> **Data section**:

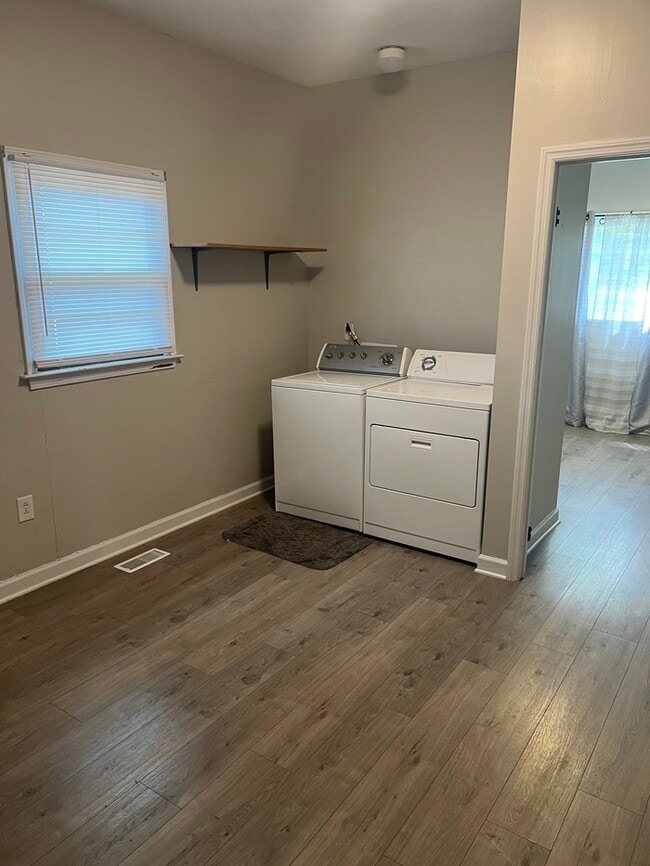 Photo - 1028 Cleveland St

---

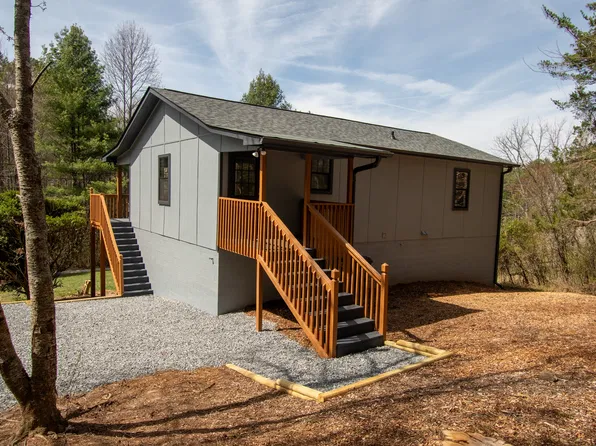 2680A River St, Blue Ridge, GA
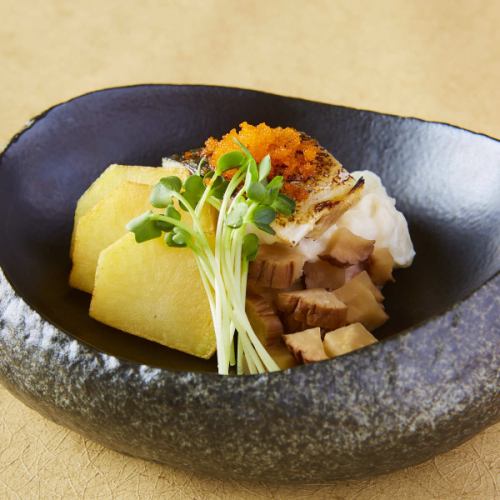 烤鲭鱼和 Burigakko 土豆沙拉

---

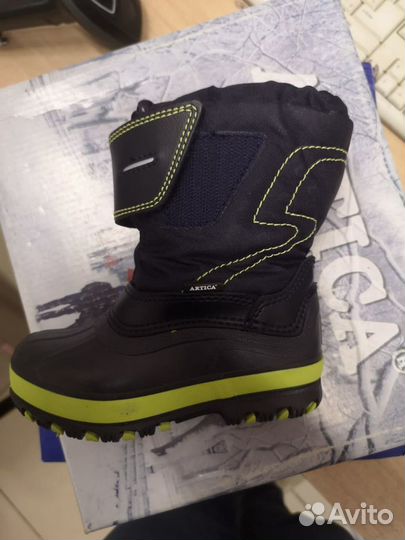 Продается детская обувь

> **Your instructions**: In the listing above, find the line with "2680A River St, Blue Ridge, GA" and output it and every line after it up to and including the line with "烤鲭鱼和 Burigakko 土豆沙拉", exactly, minus the pictures.

> **Exercise output**:
 2680A River St, Blue Ridge, GA
 烤鲭鱼和 Burigakko 土豆沙拉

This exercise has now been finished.